[Saved data entries]

[Start of section]

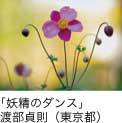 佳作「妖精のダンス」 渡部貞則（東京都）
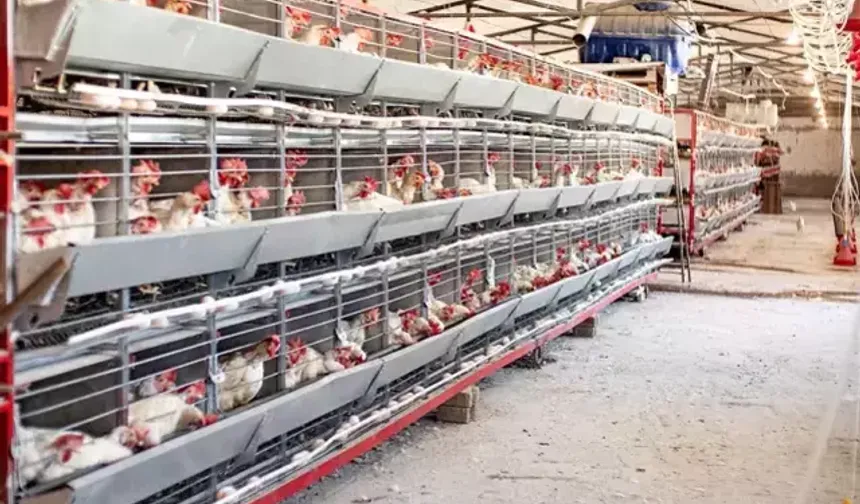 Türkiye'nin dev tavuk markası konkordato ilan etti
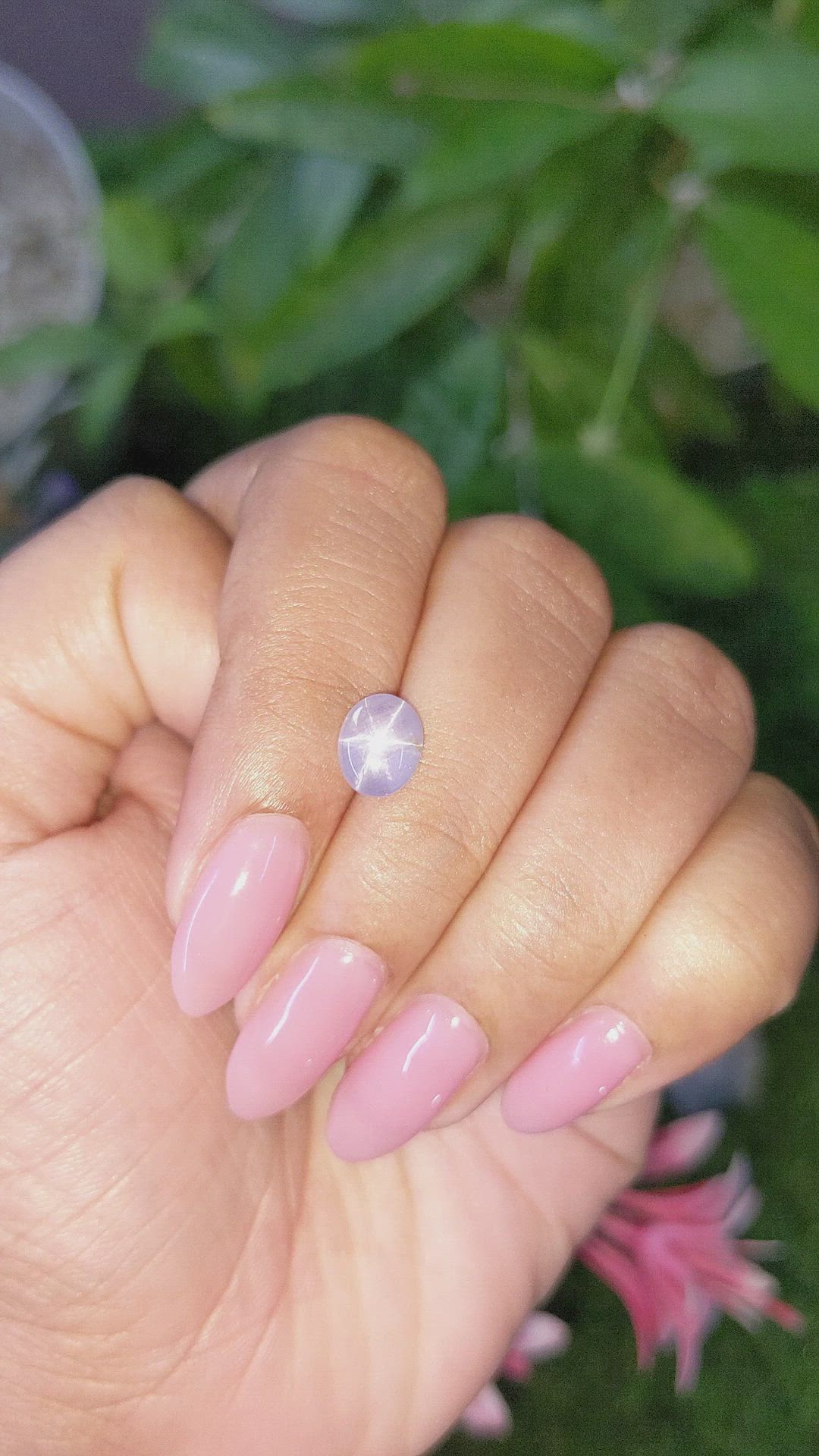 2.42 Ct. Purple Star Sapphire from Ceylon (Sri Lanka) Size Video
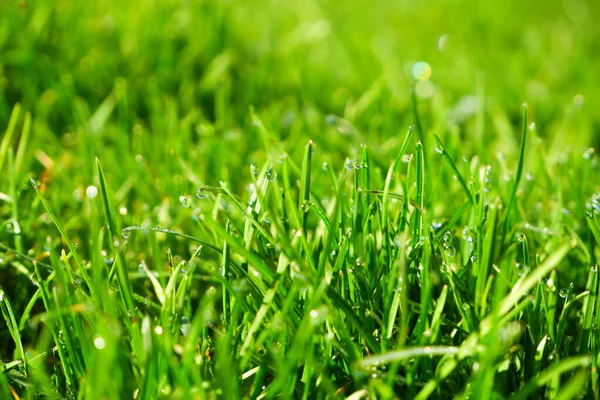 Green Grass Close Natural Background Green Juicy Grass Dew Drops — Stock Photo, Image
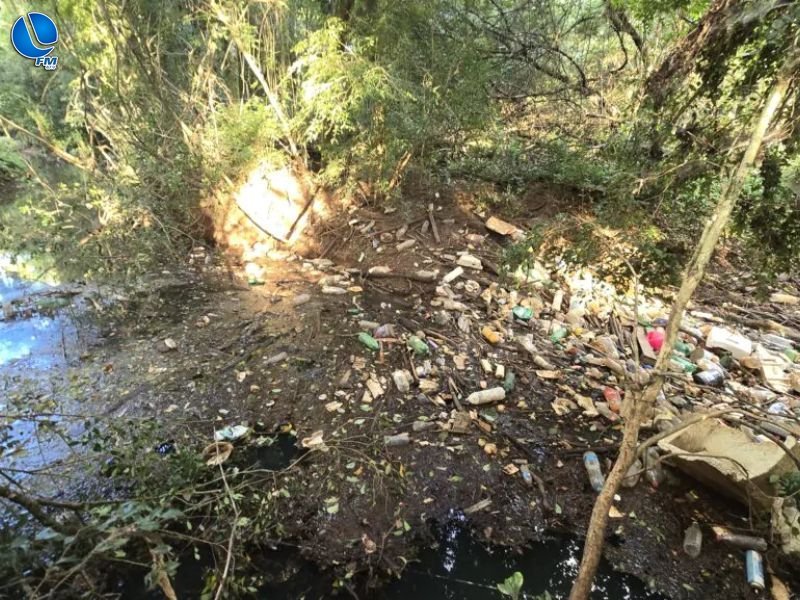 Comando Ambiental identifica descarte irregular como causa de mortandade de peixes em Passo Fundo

[End of section]

Exercise description ->
Omit every picture, then write out the entries above exactly.

Output ->
 佳作「妖精のダンス」 渡部貞則（東京都）
 Türkiye'nin dev tavuk markası konkordato ilan etti
 2.42 Ct. Purple Star Sapphire from Ceylon (Sri Lanka) Size Video
 Green Grass Close Natural Background Green Juicy Grass Dew Drops — Stock Photo, Image
 Comando Ambiental identifica descarte irregular como causa de mortandade de peixes em Passo Fundo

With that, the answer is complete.